Five months after releasing its AI filmmaking tool Flow, Google updated the underlying video generation model Veo and added new capabilities to Flow.
Google introduced Veo 3.1, which builds on Veo 3, on Oct. 15. The updated Veo version provides improved audio generation and audio support, more narrative control, and better realism, the vendor said.
The upgraded Veo and Flow capabilities represent the growing interest in video generation among generative AI technology users in the media and entertainment industries and others.
Earlier this month, independent generative AI vendor OpenAI launched the latest version of its video generation model Sora 2. The model maker also created a new Sora social media app, which is still available only by invitation.
While Sora 2 and Veo 3.1 compete, the strategies OpenAI and Google employed with their respective models differ, said Arun Chandrasekaran, an analyst at Gartner.
“OpenAI is trying something very different ” with Sora, Chandrasekaran said. “They’re also making Sora more of a consumer app, whereas Google is focused on the B2B space.”
Incremental changes
Google executed some incremental improvements with Veo 3.1, such as making the model more perceptive and synchronizing the video and audio.
“They’re trying to make these models a lot more perceptive to the prompts,” Chandrasekaran said. “They clearly want to understand the intent of the prompt, the kind of experience that the user wants to see from the prompt so that they can actually translate that into realistic videos or realistic output.”
Google said Veo 3.1’s improved audio capabilities include native audio support for features such as dialogue, ambient sounds, sound effects and music.
Another upgraded capability is the ability to craft the look of a scene by adding reference images to control the characters, objects and style.
Flow uses the various “ingredients” — images, added objects, and style — to create a final scene.
New Flow capabilities include the ability to upload first and last frames and have Flow generate the transition video between them. Users can also add or remove elements from existing clips, extend a video clip with audio support or use precision editing capabilities.
Some challenges
The changes Google made demonstrate its intention to help users create a richer video experience, Chandrasekaran said.

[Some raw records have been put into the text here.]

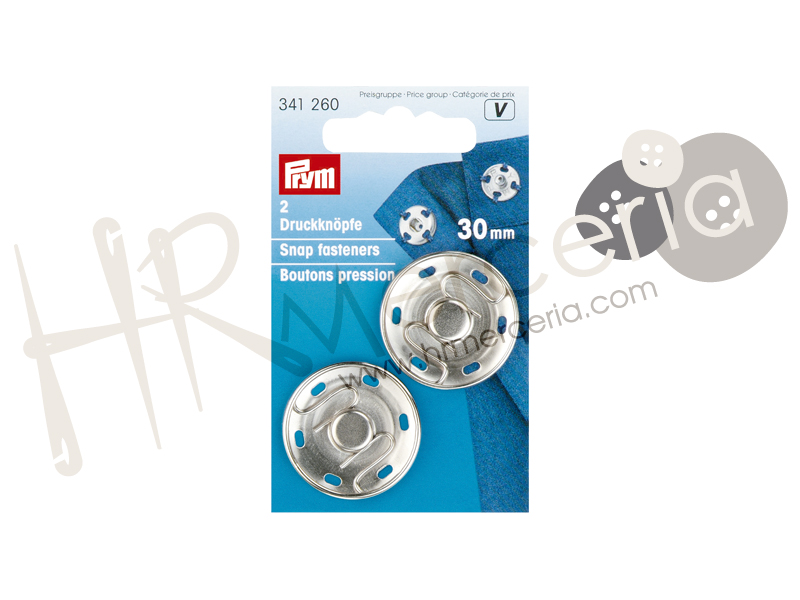 Broche presion plateado 30 mm Prym 2 pz.
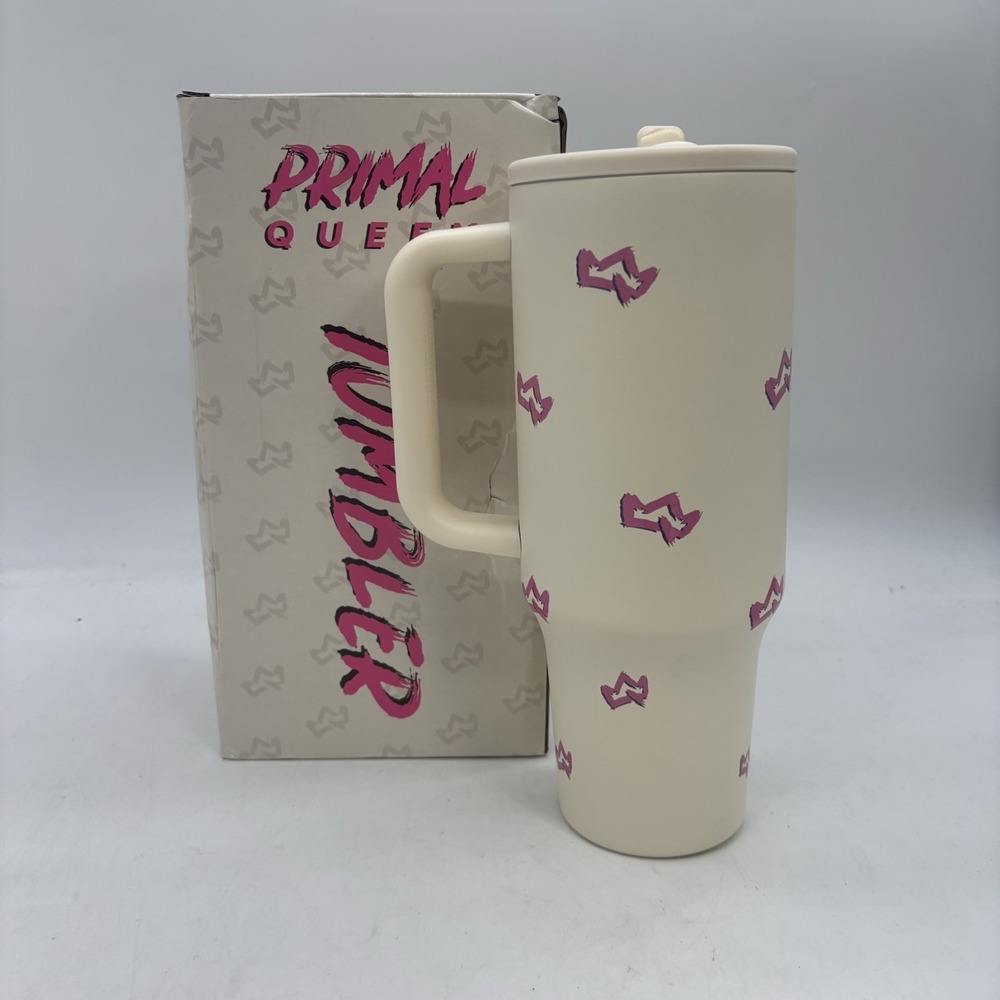 Primal Queen 40oz Tumbler Cup With Lid And Straw Beige Tan Pink Crown New In Box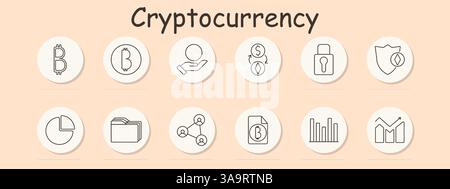 Cryptocurrency set icon. Bitcoin, user hand, currency exchange, lock, shield, pie chart, folder, network, document, bar chart, representing security a Stock Vector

“Given the fact that a lot of the early interest around the video model is coming from industries like media and entertainment, gaming … the ability to have good cinematic experiences or richer experiences, that’s really important,” he said.

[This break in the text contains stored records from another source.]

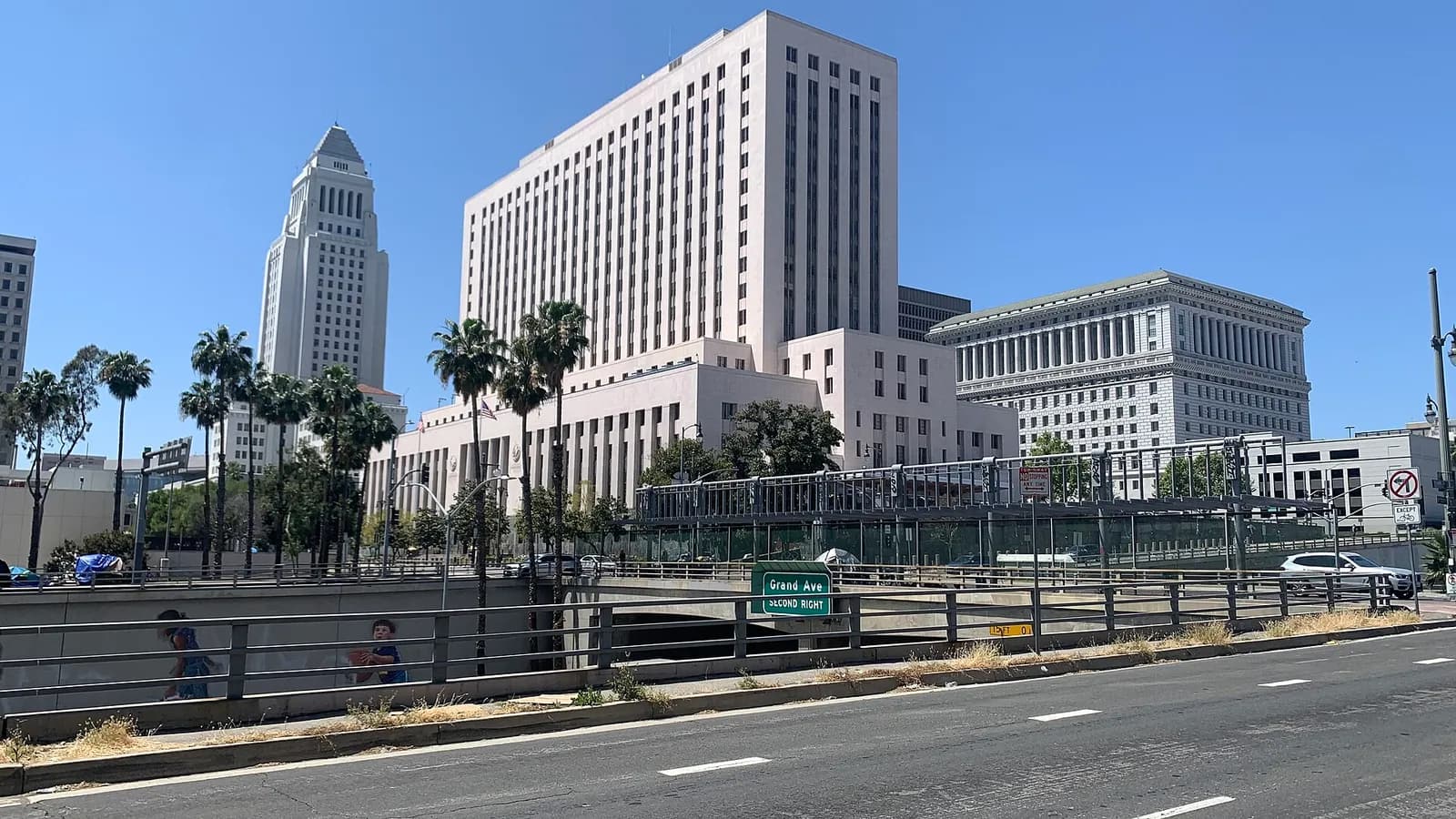 Los Angeles Superior Court building in the Civic Center alongside other civic buildings.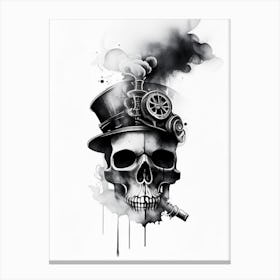 Skull With Watercolor Effects 3 Stream Punk Canvas Print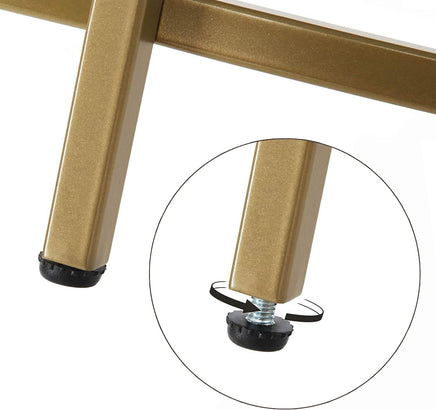 Gold Round Side Table with Golden Metal Frame Robust and Stable living room Kings Warehouse 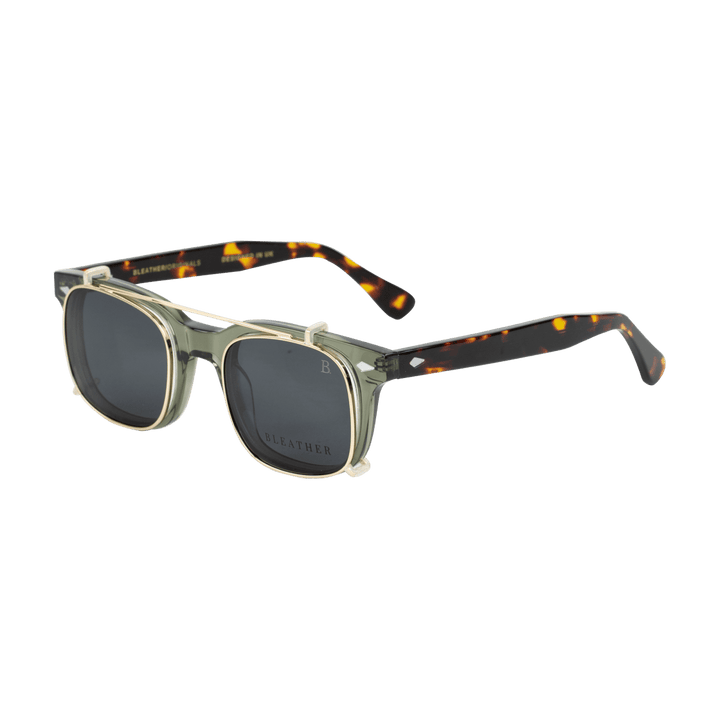 Shield: Lunettes à clips de luxe Gris Havane - Bleather Maroc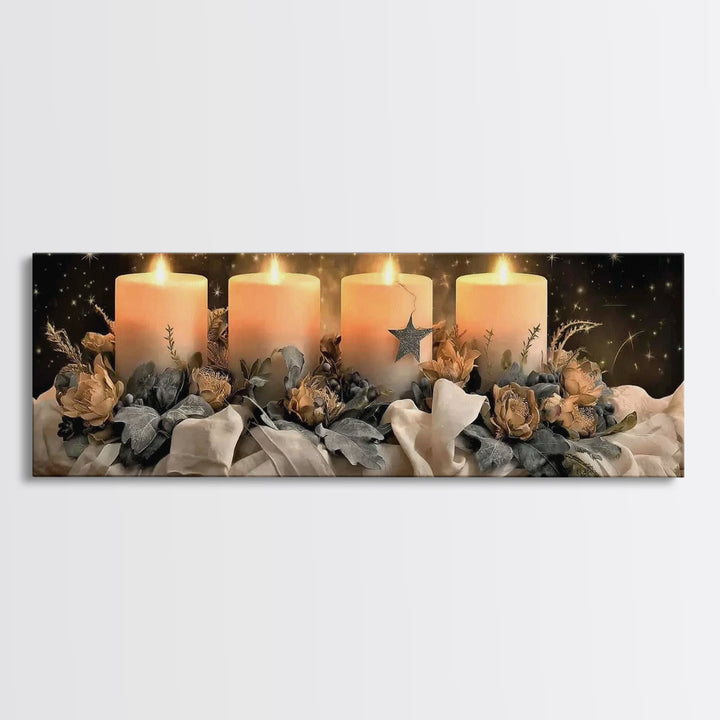 Heavenly Candle Light – Framed Canvas Print – Christian Wall Art – Christian Art Canvas – Christmas Art – Panoramic Art – Christian Christm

Despite the improved prompting capabilities and synchronization, Google will still need to pay attention to the authenticity of what the model creates, Chandrasekaran said.
“The ability to create inauthentic content or deepfakes like content, the propensity for doing that is just a lot higher,” he said.
So, Google will need to identify the customer who is using its product and ensure that the model or video creation platform doesn’t fall into the wrong hands, Chandrasekaran continued.
A lot of these technologies are what we call dual-use technologies,” he said. “There is always a good use case. But it can also be misused quite easily.”